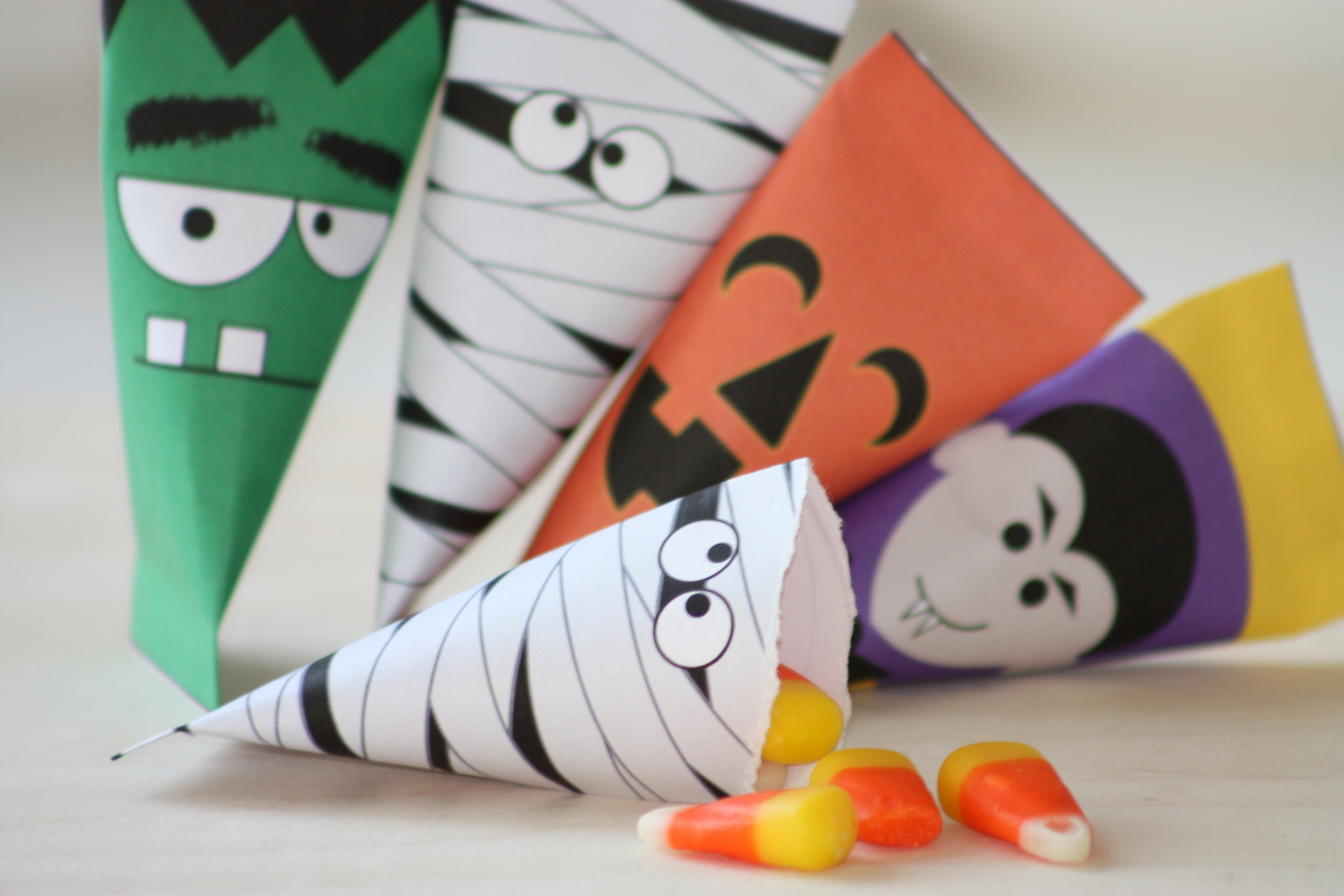 like a pretty petunia Halloween Treat Boxes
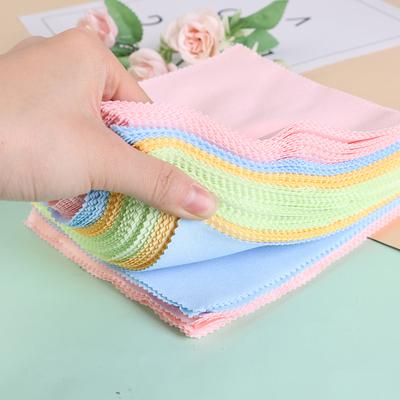 Salviette in tessuto per occhiali pulite da 10 pezzi. Panno per la pulizia degli occhiali in microfibra per occhiali da sole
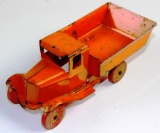 VINTAGE WYANDOTTE PRESSED STEEL DUMP TRUCK - CIRCA 1930s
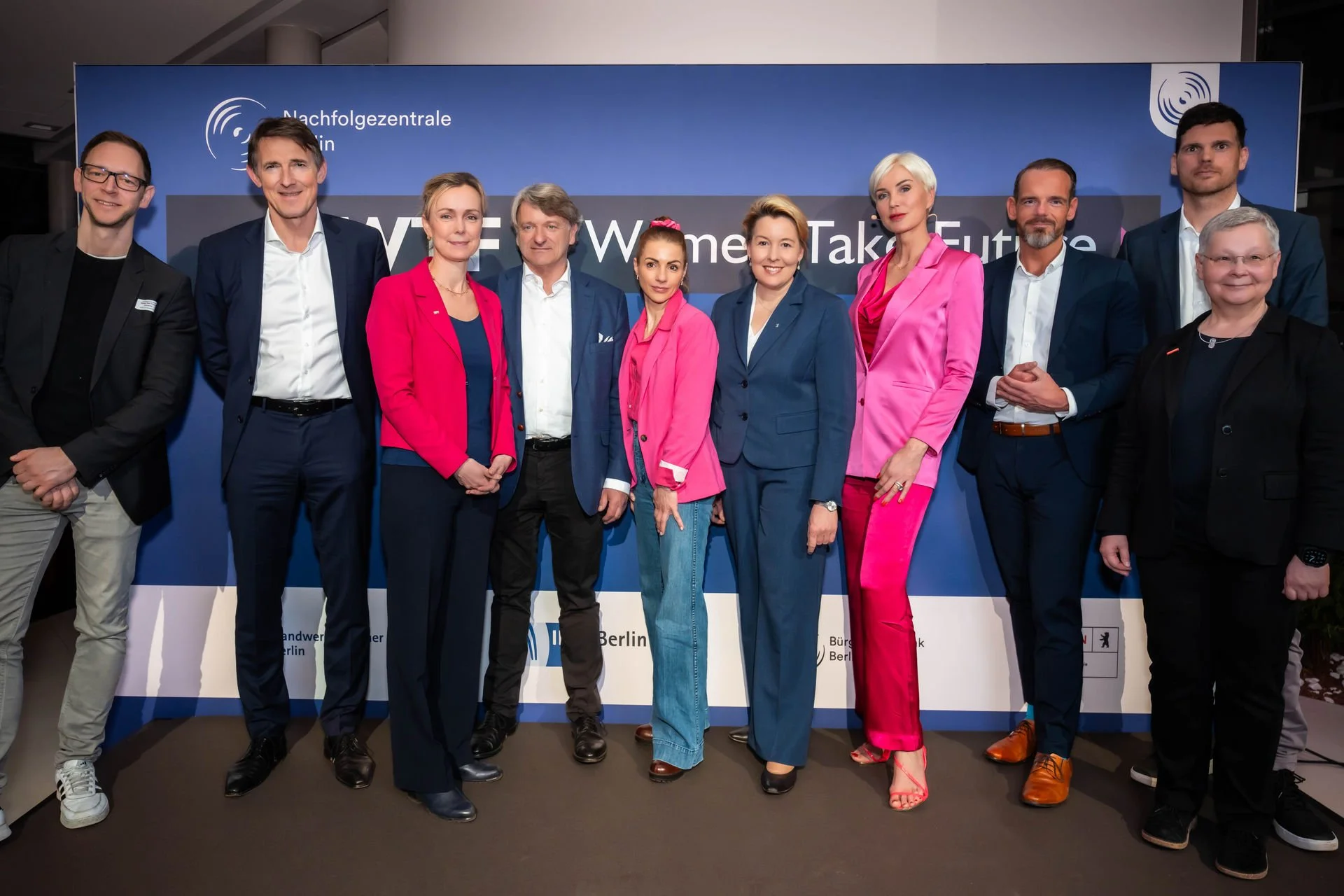 187 - 25-03-07 Women take future-DSC03120.jpg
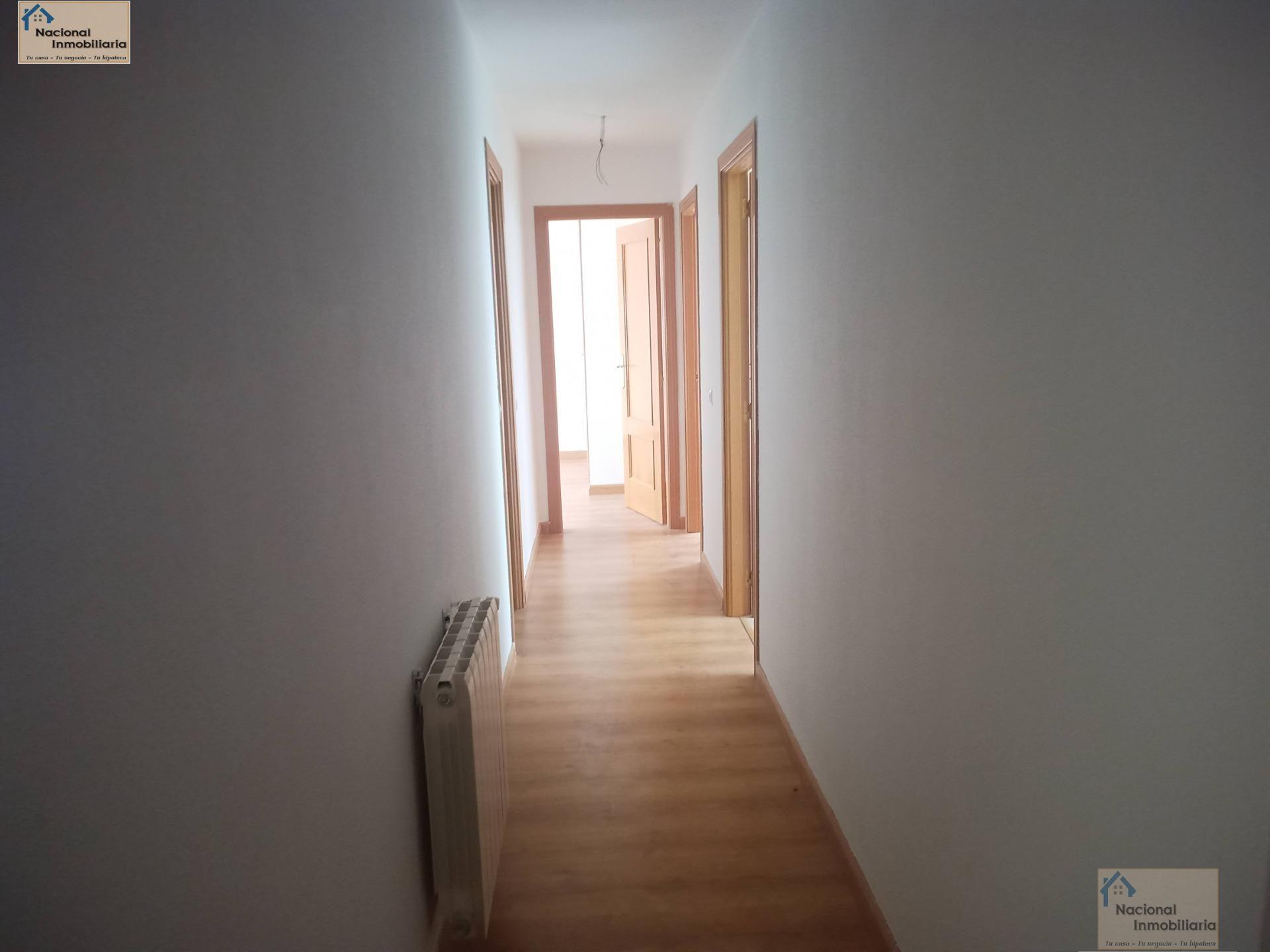 For sale of flat in Riaza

| WORK ORDER |
"187 - 25-03-07" marks the last line to keep. Retype every line from the start of the entries through that one, exactly, and drop the pictures.

| OUTPUT OF THE TASK |
 like a pretty petunia Halloween Treat Boxes
 Salviette in tessuto per occhiali pulite da 10 pezzi. Panno per la pulizia degli occhiali in microfibra per occhiali da sole
 VINTAGE WYANDOTTE PRESSED STEEL DUMP TRUCK - CIRCA 1930s
 187 - 25-03-07 Women take future-DSC03120.jpg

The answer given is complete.